With AMD having attaining more than 40 percent revenue share and more than 27 percent shipment share in the X86 server CPU market in the first half of 2025, that means two things. First, AMD is selling some big, fat X86 CPUs compared to Intel. It also means that Intel, despite all of its many woes, is getting nearly 60 percent of revenues and north of 72 percent of shipments for X86 server CPU here in 2025.
No, that is not the share Intel is used to, but that’s life sometimes. And with the rollout of its “Clearwater Rapids” Xeon 7 P-core processor and the Xeon 7 “Clearwater Forest” E-core processors in 2026, everything hinges on the Intel 18A manufacturing process (what might otherwise be called 1.8 nanometers) as well as its 2.5D EMIB interposer and Foveros 3D chip stacking and bonding technologies, both of which saw their initial use in the datacenter on the ill-fated and much-delayed “Ponte Vecchio” Xe Max Series GPU accelerator.

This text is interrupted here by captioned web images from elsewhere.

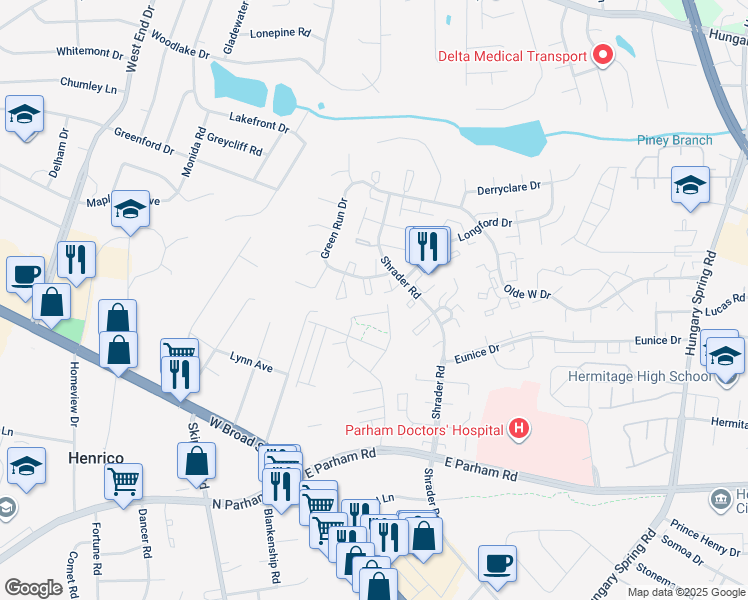 map of restaurants, bars, coffee shops, grocery stores, and more near 4908 Farrell Court in Richmond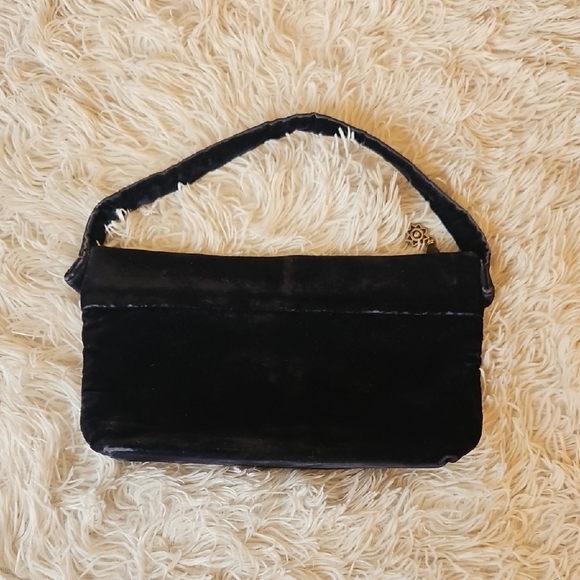 Elegant Vintage Navy Blue Velvet Evening Bag Purse - Picture 1 of 9
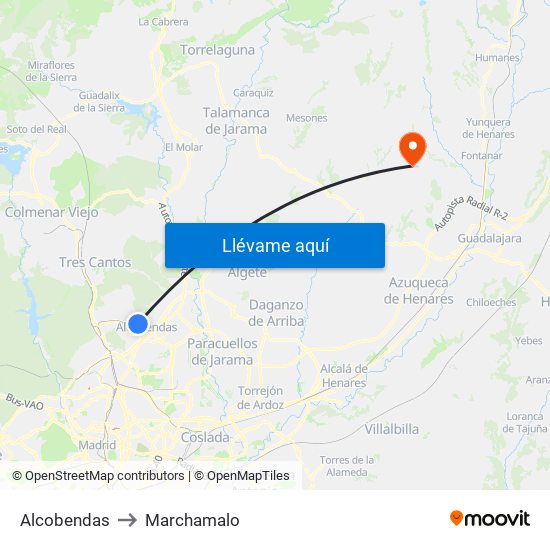 Alcobendas to Marchamalo map
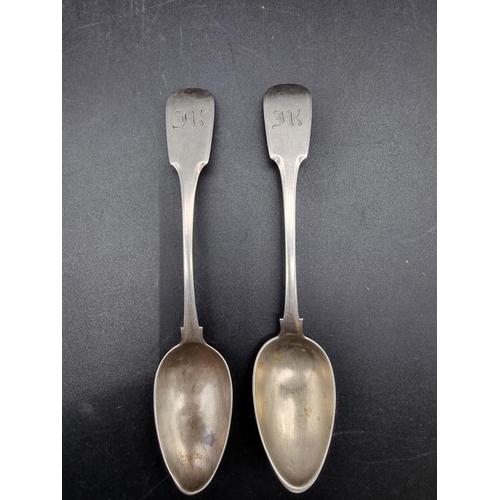 569 - Two Scottish provincial silver fiddle pattern teaspoons, by William Jamieson of Aberdeen, circa 1820... 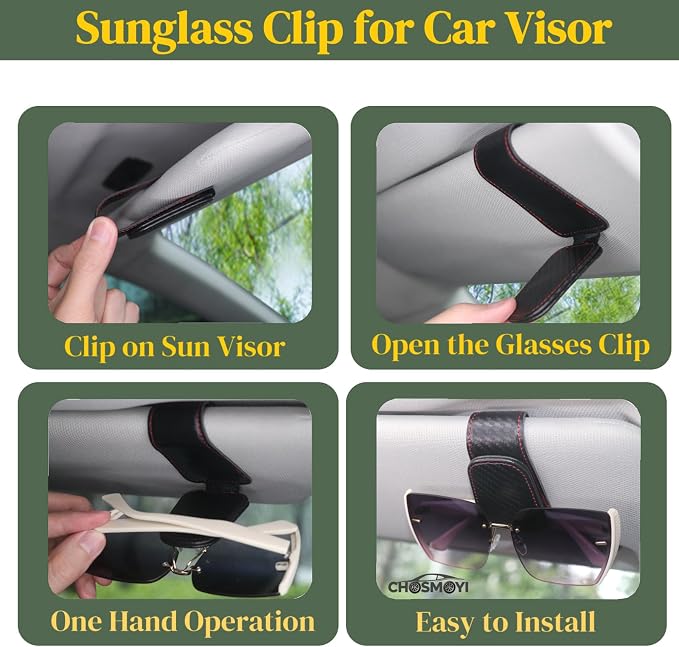 CHOSMOYI Magnetic Leather Sunglass Holder for Car, Sunglasses Clip for Car Visor, Auto Interior Accessories Universal for Different Size Eyeglasses (Carbon Fiber)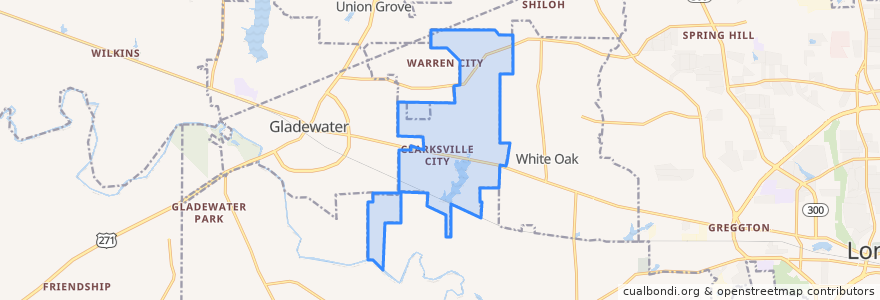 Mapa de ubicacion de Clarksville City.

To say that a lot is hanging on these two Xeon 7 processors is an understatement. With the hyperscalers and cloud builders ramping up the use of their homegrown Arm server CPUs, every X86 server socket in the datacenter is in contention, and AMD is a fierce competitor that has been metronomic in its regularity of Epyc server CPU launched and dominant because of the ability of Taiwan Semiconductor Manufacturing Corp to leapfrog over Intel Foundry’s processes and packaging.
But with 18A and the Xeon 7 next year, there is a chance for Intel to hold back the tide a little and perhaps reach an equilibrium with X86 server CPUs. While the E-core variants of energy-efficient, throughput processors are somewhat niche in their adoption, that is a good thing inasmuch as they will help Intel with ramping the 18A process as well as the 2.5D and 3D packaging techniques that are also expected with the P-core variants of the Xeon 7.
Those packaging challenges were enough for Intel to never promise Diamond Rapids for 2025 and for it to push out Clearwater Rapids to the first half of 2026, which it did in January before it had a new chief executive officer after letting Pat Gelsinger go. This delay may once again give AMD a chance to stay ahead of Intel.
Back in April, AMD was the first maker of a high end chip – in this case, a future “Venice” Epyc 9006 processor based on the Zen 6 core – to tape out on TSMC’s 2 nanometer N2 process. But Venice is not expected until next year, so there is no benefit for Intel to rush a product out to market early at possibly low yields that are more costly than just waiting a bit until yields are better.
There are easier businesses to be in than semiconductor design and manufacturing. . . .
In any event, at the Hot Chips conference this week, Don Soltis, an Intel Fellow and the Xeon processor architect, walked through the Clearwater Forest E-core processor. Soltis even had an early sample of the Xeon 7 E-core CPU back from Intel Foundry, which he had tucked into his shirt pocket. (We did not get a good zoom in on the chip, since we are attending Hot Chips remotely this year.) Here is a mockup of the Clearwater Forest socket, which will have to tide us all over:
Clearwater Forest starts with the 18A process, of course. The 18A process uses gate-all-around 3D transistors, which Intel refers to as RibbonFET and a big improvement over the FinFET transistor design. Intel pioneered FinFET 3D tri-gate transistors back in 2011 with its 22 nanometer process, and all processes between then and 18A – 14 nanometer, 10 nanometer (including the Intel 7 refinement) all the way down to Intel 3 (3 nanometer) – use FinFET transistors. The “Sierra Forrest” E-core Xeon 6 processor launched in June 2024 was made using Intel 3 as well as EMIB to link chiplets on a socket interposer, but it did not use Foveros 3D stacking.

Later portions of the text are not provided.